EXERCISE DESCRIPTION: Retype exactly what appears below from the line containing "Kosta Rika Ulusal" down to the line containing "Levi's Red Faux", keeping both end lines. Do not include pictures.

[[ DATA IN THIS EXERCISE, beginning ]]

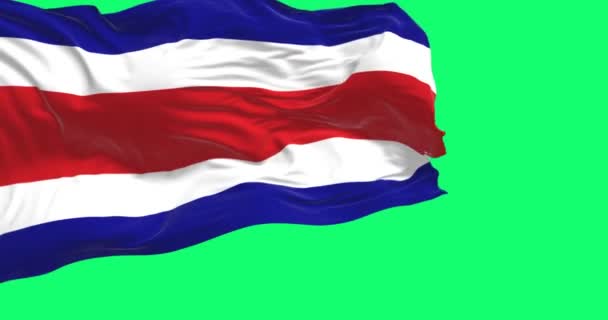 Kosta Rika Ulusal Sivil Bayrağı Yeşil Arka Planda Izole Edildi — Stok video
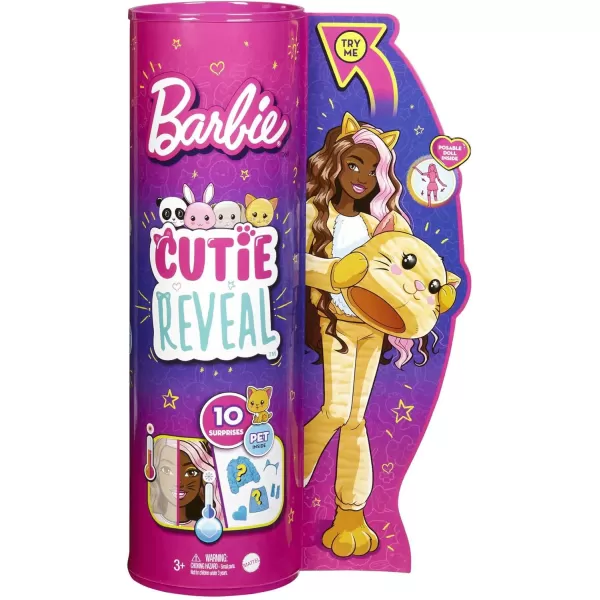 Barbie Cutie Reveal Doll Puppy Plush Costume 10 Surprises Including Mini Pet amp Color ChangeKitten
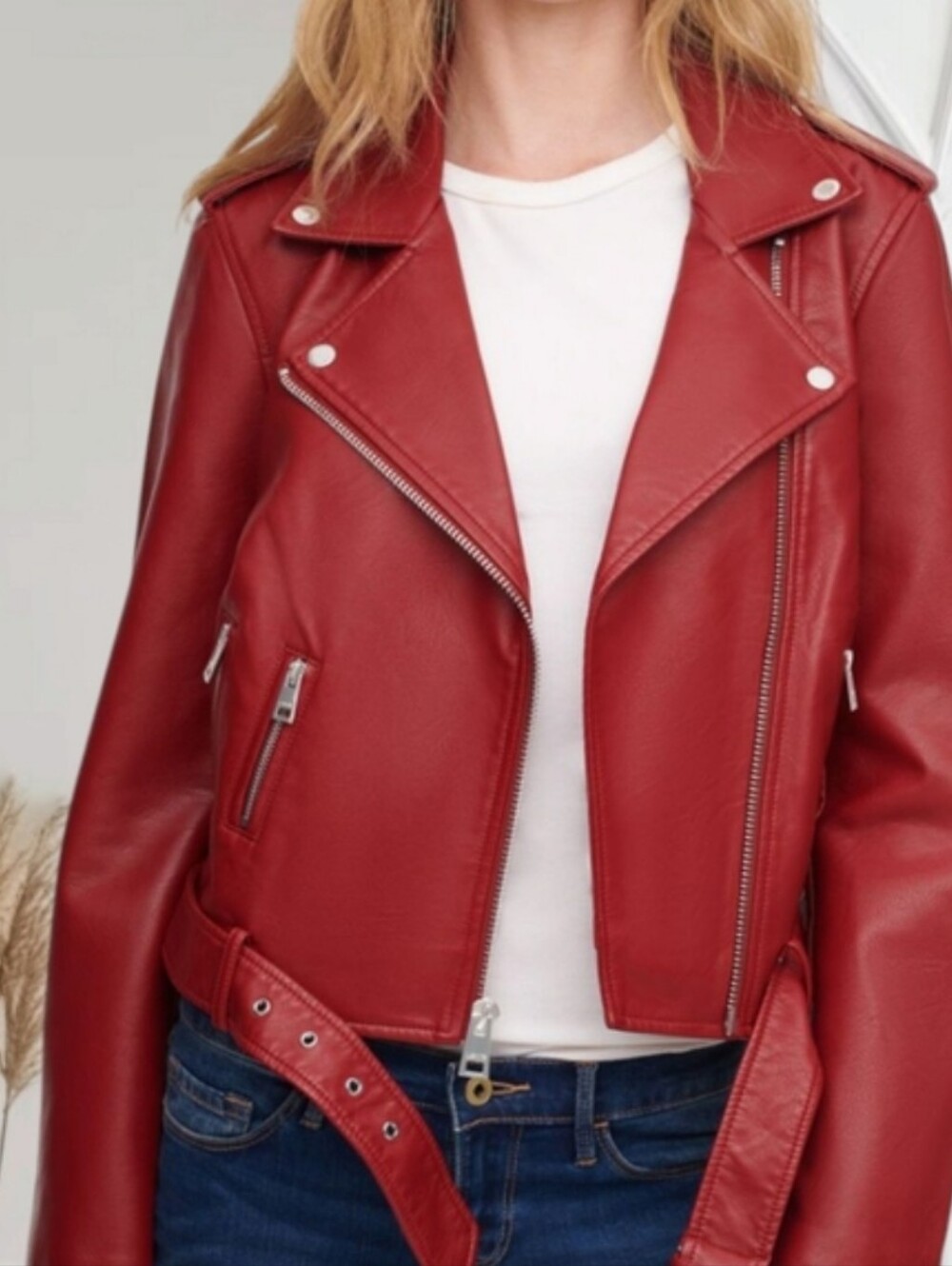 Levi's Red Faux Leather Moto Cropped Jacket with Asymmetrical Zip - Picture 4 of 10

[[ DATA IN THIS EXERCISE, end ]]
[[ DATA IN THIS EXERCISE, beginning ]]

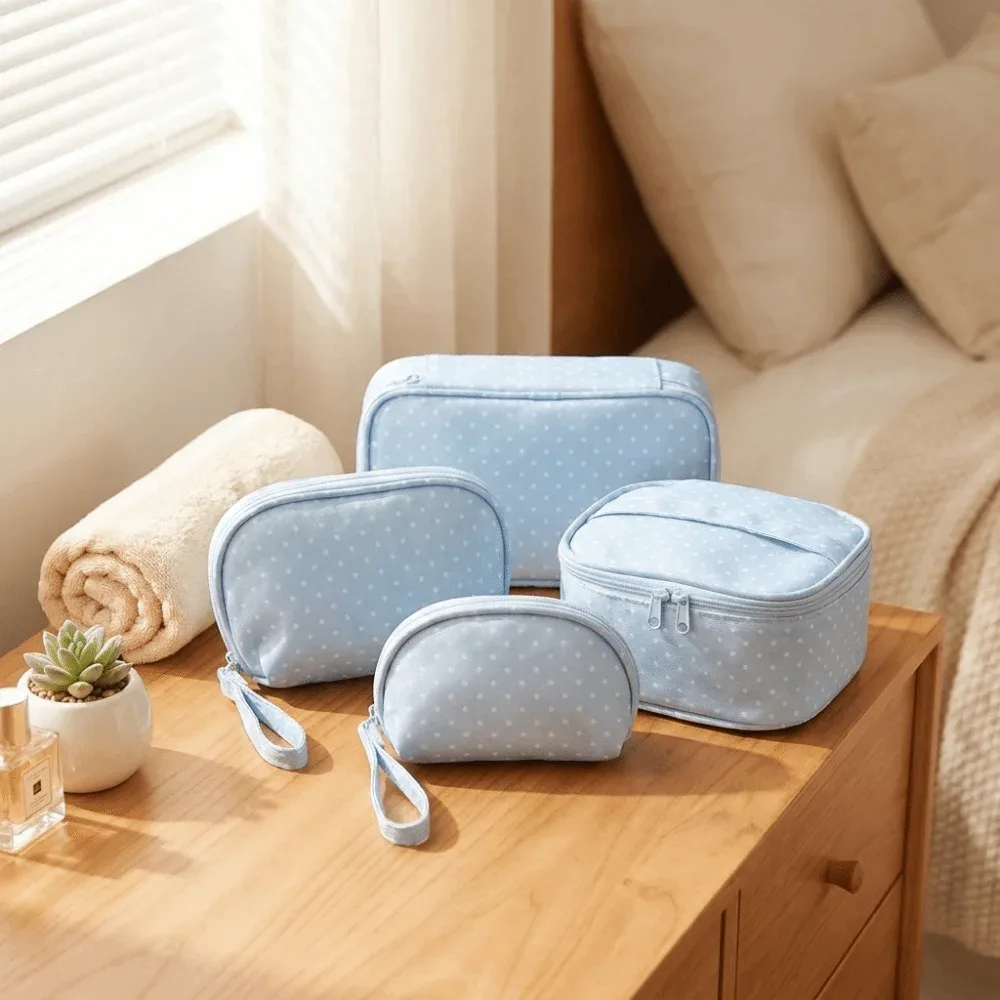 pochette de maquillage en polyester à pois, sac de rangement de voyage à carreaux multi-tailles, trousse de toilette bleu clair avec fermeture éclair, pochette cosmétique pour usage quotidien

[[ DATA IN THIS EXERCISE, end ]]
[[ DATA IN THIS EXERCISE, beginning ]]

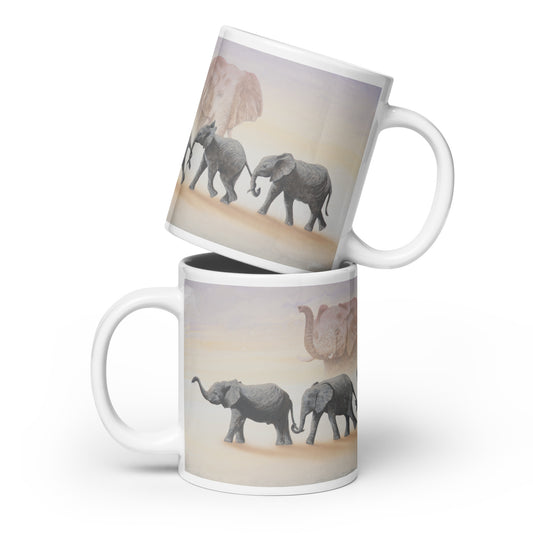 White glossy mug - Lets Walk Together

[[ DATA IN THIS EXERCISE, end ]]

RESPONSE TO THIS EXERCISE:
 Kosta Rika Ulusal Sivil Bayrağı Yeşil Arka Planda Izole Edildi — Stok video
 Barbie Cutie Reveal Doll Puppy Plush Costume 10 Surprises Including Mini Pet amp Color ChangeKitten
 Levi's Red Faux Leather Moto Cropped Jacket with Asymmetrical Zip - Picture 4 of 10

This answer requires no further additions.